Source records:
================================
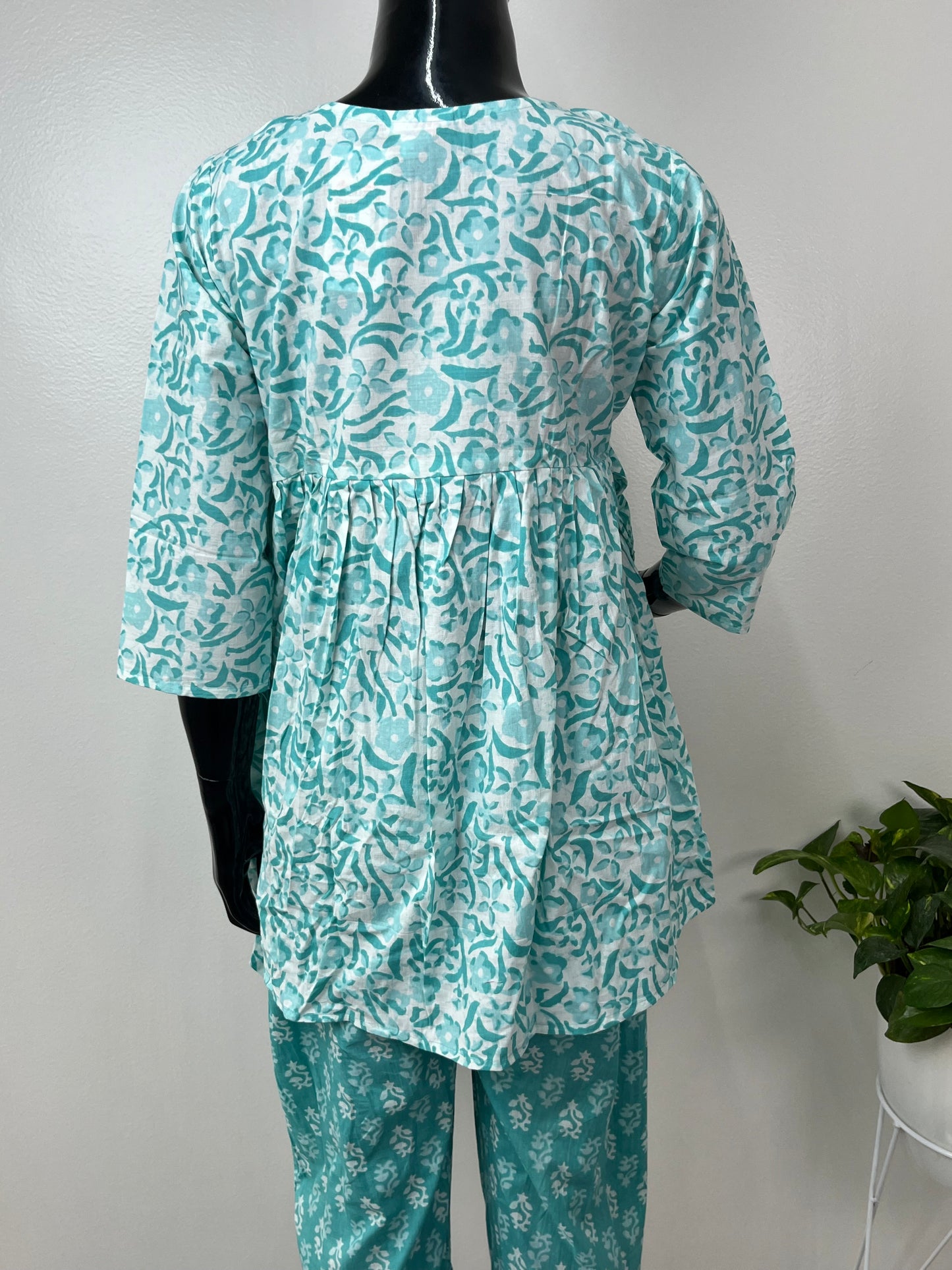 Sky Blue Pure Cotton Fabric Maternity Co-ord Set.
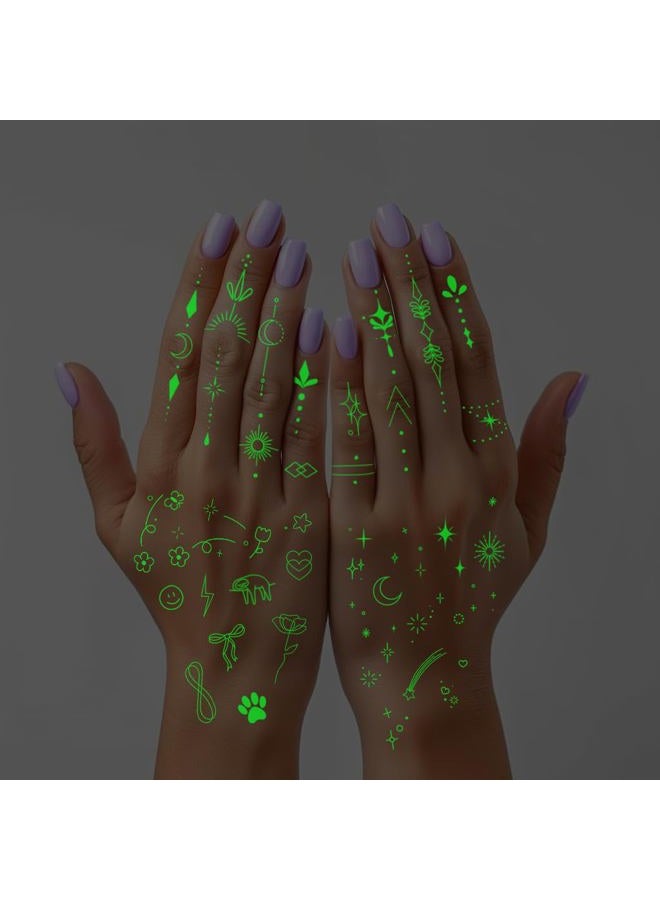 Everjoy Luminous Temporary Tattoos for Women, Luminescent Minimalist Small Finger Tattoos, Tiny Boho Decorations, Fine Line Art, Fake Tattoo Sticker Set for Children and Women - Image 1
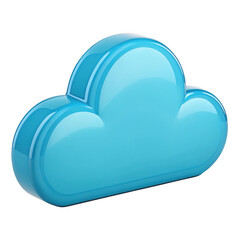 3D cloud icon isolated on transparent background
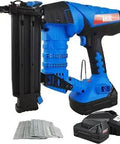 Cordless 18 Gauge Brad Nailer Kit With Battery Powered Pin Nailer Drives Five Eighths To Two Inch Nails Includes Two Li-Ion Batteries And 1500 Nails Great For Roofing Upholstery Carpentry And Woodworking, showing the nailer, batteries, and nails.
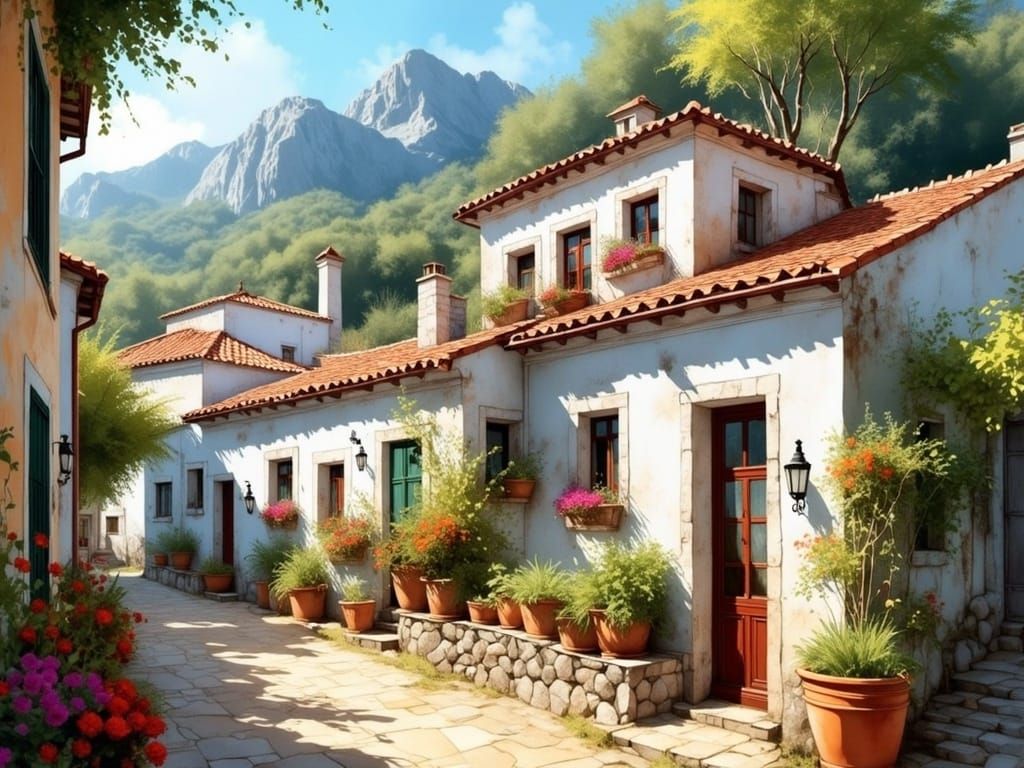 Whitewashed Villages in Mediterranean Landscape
================================
• Assignment: In your copy, include no pictures, but set down every record exactly.

• Task result:
 Sky Blue Pure Cotton Fabric Maternity Co-ord Set.
 Everjoy Luminous Temporary Tattoos for Women, Luminescent Minimalist Small Finger Tattoos, Tiny Boho Decorations, Fine Line Art, Fake Tattoo Sticker Set for Children and Women - Image 1
 3D cloud icon isolated on transparent background
 Cordless 18 Gauge Brad Nailer Kit With Battery Powered Pin Nailer Drives Five Eighths To Two Inch Nails Includes Two Li-Ion Batteries And 1500 Nails Great For Roofing Upholstery Carpentry And Woodworking, showing the nailer, batteries, and nails.
 Whitewashed Villages in Mediterranean Landscape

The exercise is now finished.